Enhanced for loop - Lehman College



Reference

For Chapter 7 Arrays

• Array is a data structure that represents a collection of the same types of data.

Declaring Array Variables

• datatype[] arrayRefVar;

Example:

double[] myList;

• datatype arrayRefVar[]; // This style is allowed, but not preferred

Example:

double myList[];

Creating Arrays

arrayRefVar = new datatype[arraySize];

Example:

myList = new double[10];

myList[0] references the first element in the array.

myList[9] references the last element in the array.

Declaring and creating arrays in one step

• datatype[] arrayRefVar = new datatype[arraySize];

Example:

double[] myList = new double[10];

• datatype arrayRefVar[] = new datatype[arraySize];

Example:

double myList[] = new double[10];

The length of an array

Once an array is created, its size is fixed. It cannot be changed. You can find its size using

arrayRefVar.length

For example,

myList.length returns 10

// field, instance variable

Default Values

When an array is created, its elements are assigned the default value of

• 0 for the numeric primitive data types,

• '\u0000' for char types, and

• false for boolean types.

Indexed variables

• The array elements are accessed through the index. The array indices are 0-based, i.e., it starts from 0 to arrayRefVar.length-1. In the previous example, myList holds ten double values and the indices are from 0 to 9.

• Each element in the array is represented using the following syntax, known as an indexed variable:

arrayRefVar[index];

• After an array is created, an indexed variable can be used in the same way as a regular variable. For example, the following code adds the value in myList[0] and myList[1] to myList[2].

myList[2] = myList[0] + myList[1];

Declaring, creating, initializing in one step:

double[] myList = {1.9, 2.9, 3.4, 3.5};

This shorthand syntax must be in one statement.

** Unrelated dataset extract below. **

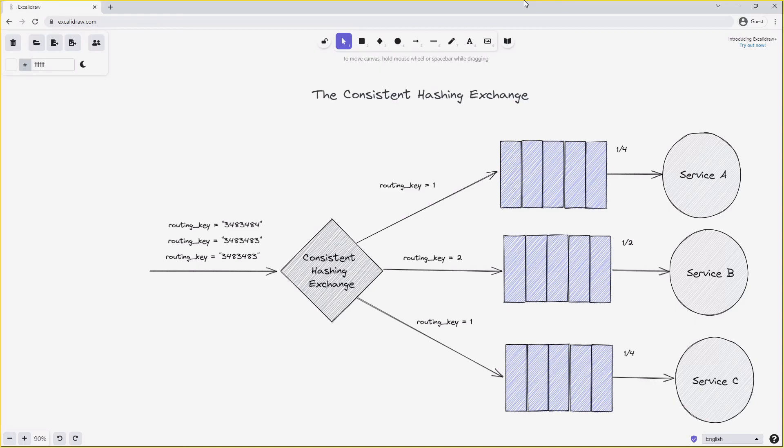In the next two videos we will look at both C# and Python implementations of all the topics discussed here — the consistent hashing exchange, exchange-to-exchange routing, and the headers exchange. Stick around to see how these are implemented in practice. If you enjoyed the video, please don't forget to subscribe to the channel and like the video.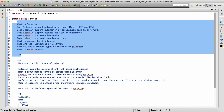Does Selenium support automation of pages made in PHP and HTML? Sometimes people ask this just to confuse you. The answer is that Selenium is independent of the language — it does not depend on the language in which you have designed your page. We can automate any pages made in any language. Does Selenium support automation of applications made in only Java? No, the answer is no. Selenium can support applications made in any language — Java, C#, C++, any language.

• This shorthand notation is equivalent to the following statements:

double[] myList = new double[4];

myList[0] = 1.9;

myList[1] = 2.9;

myList[2] = 3.4;

myList[3] = 3.5;

Example Program

import javax.swing.JOptionPane;

public class TestArray {

public static void main(String[] args) {

final int TOTAL_NUMBERS = 6;

int[] numbers = new int[TOTAL_NUMBERS];

// Read all numbers

for (int i = 0; i < numbers.length; i++) {

String numString = JOptionPane.showInputDialog(

"Enter a number:");

// Convert string into integer

numbers[i] = Integer.parseInt(numString);

}

// Find the largest

int max = numbers[0];

for (int i = 1; i < numbers.length; i++) {

if (max < numbers[i])

max = numbers[i];

}

// Find the occurrence of the largest number

int count = 0;

for (int i = 0; i < numbers.length; i++) {

if (numbers[i] == max) count++;

}

// Prepare the result

String output = "The array is ";

for (int i = 0; i < numbers.length; i++) {

output += numbers[i] + " ";

}

output += "\nThe largest number is " + max;

output += "\nThe occurrence count of the largest number "

+ "is " + count;

// Display the result

System.out.println(output);

}

}

Example

A program that calls a method with an array as an argument/parameter.

public class TestPassArray {

public static void main(String[] args) {

int[] a = {1, 2};

// Swap elements using the swap method

System.out.println("Before invoking swap");

System.out.println("array is {" + a[0] + ", " + a[1] + "}");

swap(a[0], a[1]);

System.out.println("After invoking swap");

System.out.println("array is {" + a[0] + ", " + a[1] + "}");

// Swap elements using the swapFirstTwoInArray method

System.out.println("Before invoking swapFirstTwoInArray");

System.out.println("array is {" + a[0] + ", " + a[1] + "}");

swapFirstTwoInArray(a);

System.out.println("After invoking swapFirstTwoInArray");

System.out.println("array is {" + a[0] + ", " + a[1] + "}");

}

/** Swap two variables */

public static void swap(int n1, int n2) {

int temp = n1;

n1 = n2;

n2 = temp;

}

/** Swap the first two elements in the array */

public static void swapFirstTwoInArray(int[] array) {

int temp = array[0];

array[0] = array[1];

array[1] = temp;

}

}

Passing Arrays to Methods

public static void printArray(int[] array) {

for (int i = 0; i < array.length; i++) {

System.out.print(array[i] + " ");

}

}

Invoke the method

int[] list = {3, 1, 2, 6, 4, 2};

printArray(list);

Invoke the method

printArray(new int[]{3, 1, 2, 6, 4, 2});

The statement

printArray(new int[]{3, 1, 2, 6, 4, 2});

creates an array using the following syntax:

new dataType[]{literal0, literal1, ..., literalk};

There is no explicit reference variable for the array. Such array is called an anonymous array.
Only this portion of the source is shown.